Example (illustrative; amounts/timing vary) Context
Meta Major fines tied to data protection / transfers / legal basis issues in EU.
Google CNIL and other authorities — consent, transparency, ads.
Amazon Luxembourg DPA — cookie/consent and processing practices.

GDPR vs CCPA / CPRA (high level)

Topic GDPR CCPA / CPRA
Scope EU/EEA-focused; broad extraterritorial effect for offering services/monitoring behavior. California consumers; business thresholds.
Default model Lawful basis required; consent in specific cases. Notice + opt-out of sale/share; “limit use” for sensitive data; opt-in for minors under 16.
Rights Access, rectification, erasure, restriction, portability, objection, etc. Know, delete, correct, opt-out, limit, portability (CPRA).
Penalties Administrative fines (tiers above). Statutory damages in private actions (some contexts); AG enforcement.
DPO Mandatory in prescribed cases. No DPO; CPRA requires some businesses to conduct risk assessments / cybersecurity reviews.

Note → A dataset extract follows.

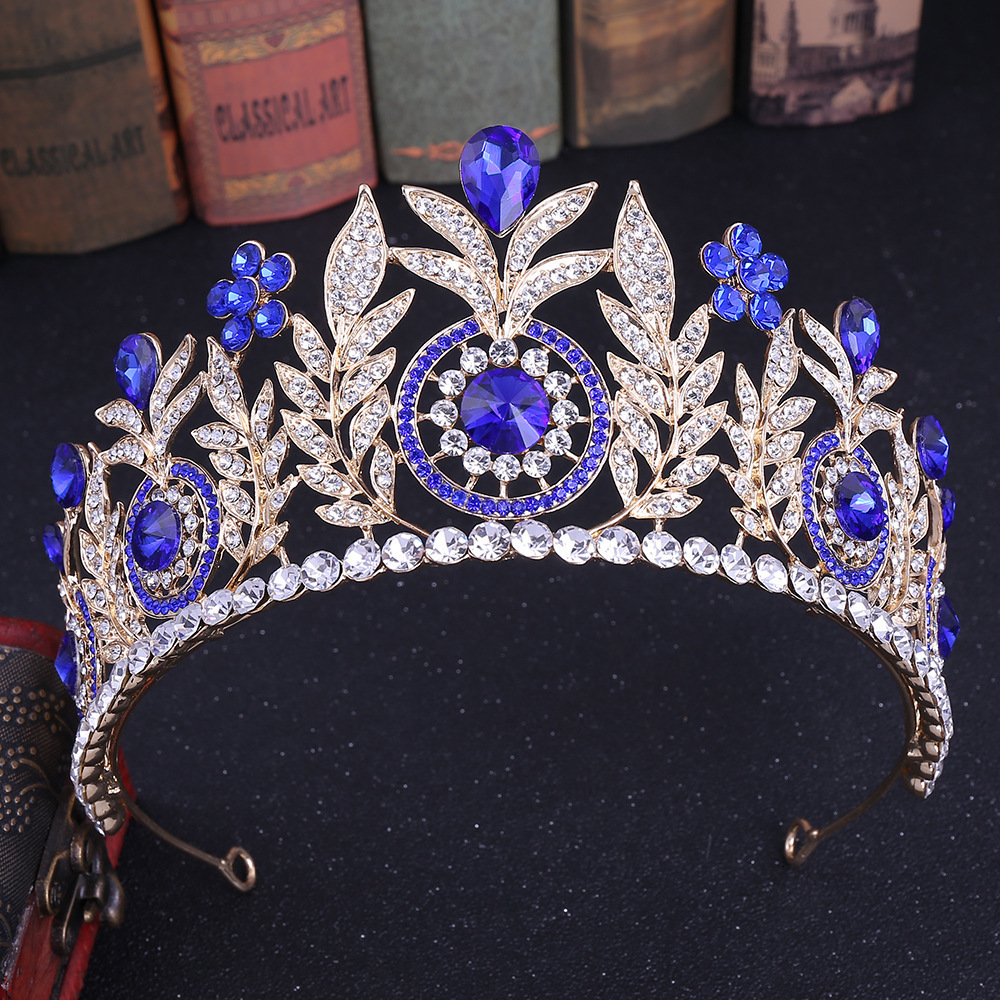 Wedding Hair Jewelry KMVEXO Baroque Leaf Rose Pink Crystal Princess Bridal Crowns For Women Flowers Big Tiaras Wedding Jewelry Hair Accessories 230808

Technical controls mapping

GDPR theme Engineering implementation
Confidentiality / integrity Encryption, access control, secrets management.
Accountability / breach detection Audit logging, SIEM, anomaly detection.
Retention limitation TTL jobs, legal holds, backup rotation policies.
Erasure / portability Idempotent deletion APIs, export jobs, vendor APIs.
Minimization Schema review, feature flags, sampling for analytics.

Anti-patterns

  • Consent fatigue: Walls of popups without real choice or clarity.
  • Data hoarding: “Collect everything” without purpose or retention discipline.
  • Legitimate interest for everything without documented LIA and balancing.
  • No data map / ROPA — cannot demonstrate accountability or respond to rights.

External references


Keep project-specific compliance documentation in docs/security/compliance/, DPIAs in docs/security/, and compliance decisions in docs/adr/, not in this file.